I’ve been doing some reading on intersectionality1 recently, and I came across an article by a feminist psychologist named Stephanie Shields. She argues that intersectionality should be an urgent concern for behavioral scientists and should determine the outcomes of their research. Shields writes:
“Intersectionality is an urgent issue because it is critical to the effective, activist science that feminist psychology should be. The goal of activist science itself is not to create policy, but to inform it. Research undertaken from an intersectionality perspective does originate from a point of view which includes an agenda for positive social change, but the agenda requires data to support it. This approach reflects a belief that science can be beneficial to society and that it is our obligation to study scientifically those problems and issues that bear on real people’s lived experience.”

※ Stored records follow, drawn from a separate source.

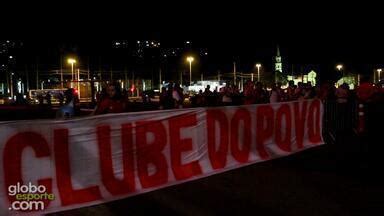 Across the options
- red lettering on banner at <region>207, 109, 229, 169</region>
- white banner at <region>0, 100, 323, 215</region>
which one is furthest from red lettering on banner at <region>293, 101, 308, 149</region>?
red lettering on banner at <region>207, 109, 229, 169</region>

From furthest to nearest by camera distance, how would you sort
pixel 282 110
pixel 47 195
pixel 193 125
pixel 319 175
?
pixel 282 110
pixel 319 175
pixel 193 125
pixel 47 195

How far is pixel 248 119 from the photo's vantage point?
8.68m

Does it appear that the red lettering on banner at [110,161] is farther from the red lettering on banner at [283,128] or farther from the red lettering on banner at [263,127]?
the red lettering on banner at [283,128]

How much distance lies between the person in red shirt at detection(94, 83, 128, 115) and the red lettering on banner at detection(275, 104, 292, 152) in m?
2.99

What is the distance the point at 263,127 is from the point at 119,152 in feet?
11.5

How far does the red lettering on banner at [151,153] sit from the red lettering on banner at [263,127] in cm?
247

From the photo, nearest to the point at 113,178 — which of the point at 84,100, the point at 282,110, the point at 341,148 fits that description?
the point at 282,110

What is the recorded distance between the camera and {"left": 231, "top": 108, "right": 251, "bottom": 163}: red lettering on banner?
8.30 meters

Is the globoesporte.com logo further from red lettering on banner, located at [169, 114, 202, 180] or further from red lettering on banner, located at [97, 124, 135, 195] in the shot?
red lettering on banner, located at [169, 114, 202, 180]

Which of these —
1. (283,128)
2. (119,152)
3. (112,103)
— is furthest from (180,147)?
(283,128)

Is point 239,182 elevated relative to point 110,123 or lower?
lower

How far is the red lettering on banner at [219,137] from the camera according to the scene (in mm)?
7875

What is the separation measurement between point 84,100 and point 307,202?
27510mm

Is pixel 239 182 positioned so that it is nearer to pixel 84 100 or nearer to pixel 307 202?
pixel 307 202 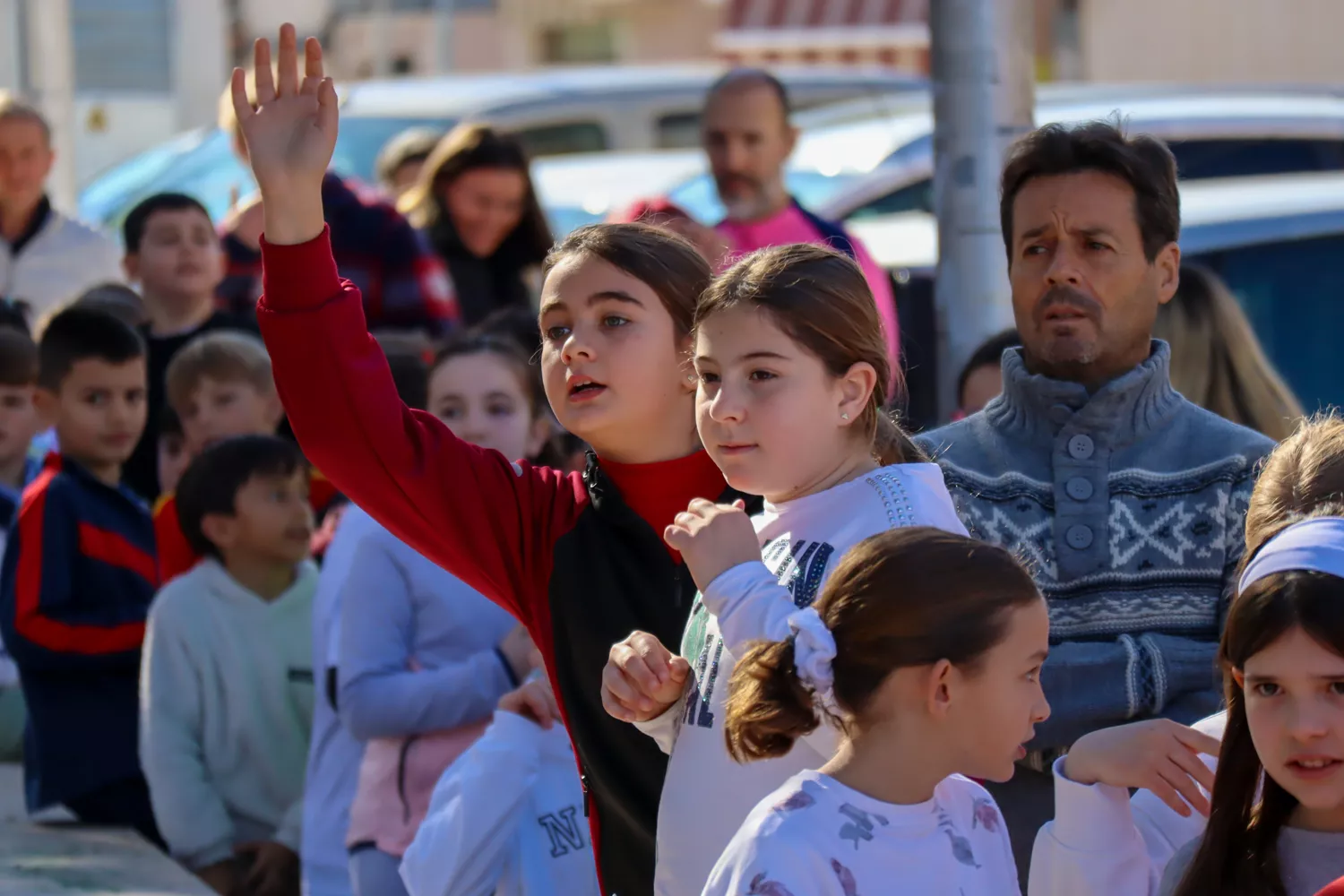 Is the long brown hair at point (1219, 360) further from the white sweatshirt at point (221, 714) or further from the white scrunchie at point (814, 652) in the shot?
the white sweatshirt at point (221, 714)

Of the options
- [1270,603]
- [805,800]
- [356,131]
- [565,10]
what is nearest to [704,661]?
[805,800]

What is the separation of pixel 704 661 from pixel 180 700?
8.56 feet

-Stephanie A. Shields, “Gender: An Intersectionality Perspective,” Sex Roles 59 (2008): 309.
Thomas Kuhn famously said that science is theory-laden. If Shields is correct, intersectional science seems theory-burdened, or theory-predetermined. Shields contends for “activist science.” In other words, it’s not merely that the scientist has biases that inevitably (though perhaps unintentionally) shape his research. Shields is arguing that the behavioral scientist should have a bias for intersectional theory, and that the theory should function as an agenda in search of facts to support it.
To the degree that behavioral sciences are being conducted in this way and to the degree that they become an apology for intersectional theory, we should not be surprised to find conflict between such “science” and traditional religious perspectives (including Christianity). But it is crucial to note that the conflict is not between real science and Christianity, but between a thinly veiled feminist theory and Christianity. The feminist theory masquerades as “science,” but it is not really that at all. It is a religion of first principles predetermining which facts are relevant and which ones need to be suppressed or discarded because they don’t support intersectional theory.

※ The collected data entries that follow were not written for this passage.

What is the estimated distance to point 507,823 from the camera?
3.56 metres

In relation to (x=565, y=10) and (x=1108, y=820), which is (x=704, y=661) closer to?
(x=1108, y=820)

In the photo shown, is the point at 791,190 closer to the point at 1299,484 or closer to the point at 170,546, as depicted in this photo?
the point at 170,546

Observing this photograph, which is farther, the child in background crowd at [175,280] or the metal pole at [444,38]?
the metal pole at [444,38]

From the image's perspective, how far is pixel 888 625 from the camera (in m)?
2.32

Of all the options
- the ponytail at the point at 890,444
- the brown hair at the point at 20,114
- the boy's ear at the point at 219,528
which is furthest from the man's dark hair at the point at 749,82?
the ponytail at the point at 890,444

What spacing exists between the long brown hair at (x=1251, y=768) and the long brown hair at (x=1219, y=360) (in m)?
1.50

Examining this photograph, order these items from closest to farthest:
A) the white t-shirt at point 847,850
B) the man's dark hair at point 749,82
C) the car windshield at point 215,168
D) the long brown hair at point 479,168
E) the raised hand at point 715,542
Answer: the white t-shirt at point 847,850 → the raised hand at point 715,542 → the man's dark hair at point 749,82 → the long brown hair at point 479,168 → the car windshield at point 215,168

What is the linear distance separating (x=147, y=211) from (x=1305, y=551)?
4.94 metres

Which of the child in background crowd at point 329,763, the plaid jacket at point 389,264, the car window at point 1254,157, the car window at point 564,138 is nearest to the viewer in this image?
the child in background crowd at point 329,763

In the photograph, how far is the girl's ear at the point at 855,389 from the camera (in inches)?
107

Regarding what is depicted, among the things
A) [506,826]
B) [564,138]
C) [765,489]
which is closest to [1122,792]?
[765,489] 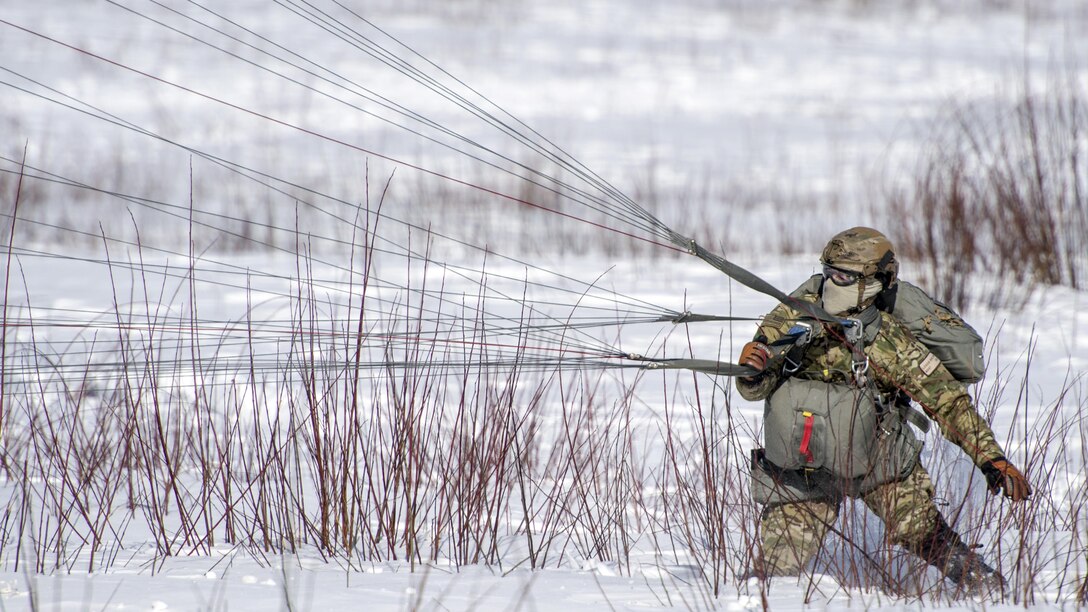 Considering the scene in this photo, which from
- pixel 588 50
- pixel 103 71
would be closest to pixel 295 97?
pixel 103 71

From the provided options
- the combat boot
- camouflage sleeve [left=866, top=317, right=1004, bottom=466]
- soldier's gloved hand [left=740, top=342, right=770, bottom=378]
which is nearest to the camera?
the combat boot

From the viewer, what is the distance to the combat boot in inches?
92.1

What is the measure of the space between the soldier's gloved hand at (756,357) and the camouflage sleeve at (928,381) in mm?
328

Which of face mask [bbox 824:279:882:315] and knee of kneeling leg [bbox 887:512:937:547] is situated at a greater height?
face mask [bbox 824:279:882:315]

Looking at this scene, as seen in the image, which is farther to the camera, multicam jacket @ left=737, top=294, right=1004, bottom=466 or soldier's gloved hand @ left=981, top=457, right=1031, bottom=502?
multicam jacket @ left=737, top=294, right=1004, bottom=466

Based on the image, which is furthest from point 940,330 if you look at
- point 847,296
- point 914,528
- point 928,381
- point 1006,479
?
point 914,528

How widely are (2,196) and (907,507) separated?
978 centimetres

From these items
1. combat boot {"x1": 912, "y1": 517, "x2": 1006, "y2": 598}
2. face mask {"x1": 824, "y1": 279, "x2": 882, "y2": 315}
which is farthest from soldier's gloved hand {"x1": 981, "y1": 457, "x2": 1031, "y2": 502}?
face mask {"x1": 824, "y1": 279, "x2": 882, "y2": 315}

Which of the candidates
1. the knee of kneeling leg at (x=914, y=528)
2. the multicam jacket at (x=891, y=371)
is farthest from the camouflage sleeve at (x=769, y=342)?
the knee of kneeling leg at (x=914, y=528)

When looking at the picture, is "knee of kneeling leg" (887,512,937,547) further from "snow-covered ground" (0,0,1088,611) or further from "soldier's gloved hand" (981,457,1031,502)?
"soldier's gloved hand" (981,457,1031,502)

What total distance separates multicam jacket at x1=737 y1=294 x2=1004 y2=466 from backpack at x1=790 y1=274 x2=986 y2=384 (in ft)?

This is just a reminder that not all “science” is true science. The discerning reader will understand that there is a difference between facts and evidence and the evaluation of facts and evidence. Sometimes there are agendas at work shaping the way researchers construe the evidence. Oftentimes, it is the evaluation of the facts and evidence that reveals that underlying worldview of the researcher.
For example, in 2013 the Diagnostic and Statistical Manual of Psychiatric Disorders removed “Gender Identity Disorder” from its list of psychiatric disorders and replaced it with “Gender Dysphoria.” Did they remove it because scientists had uncovered some new facts or evidence showing it no longer to be a disorder? No, that is not why they did it. As I have pointed out before in this space, the diagnosis was changed to remove the stigma of transgender identities being labeled as a “disorder.” Consider also, for example, how the scientific community has responded to the research of Mark Regnerus and Paul McHugh. Has the negative response been based on facts and evidence? Or has it been based on the fact that these men sometimes reach conclusions that depart from predetermined outcomes?
1 For a primer on intersectionality, I recommend Joe Carter’s recent article “What Christians Should Know about Intersectionality.” Andrew Sullivan offers a powerful critique of intersectionality from a secular perspective in “Is Intersectionality a Religion.” If you want to take a deep-dive into some actual intersectional theory, I recommend Kimberlé Crenshaw’s seminal essay, “Demarginalizing the Intersection of Race and Sex: A Black Feminist Critique of Antidiscrimination Doctrine, Feminist Theory and Antiracist Politics,” University of Chicago Legal Forum 1989, no. 1 (1989): 139-67. For a popular introduction to Crenshaw’s theory, see her recent TED Talk, “The urgency of intersectionality.”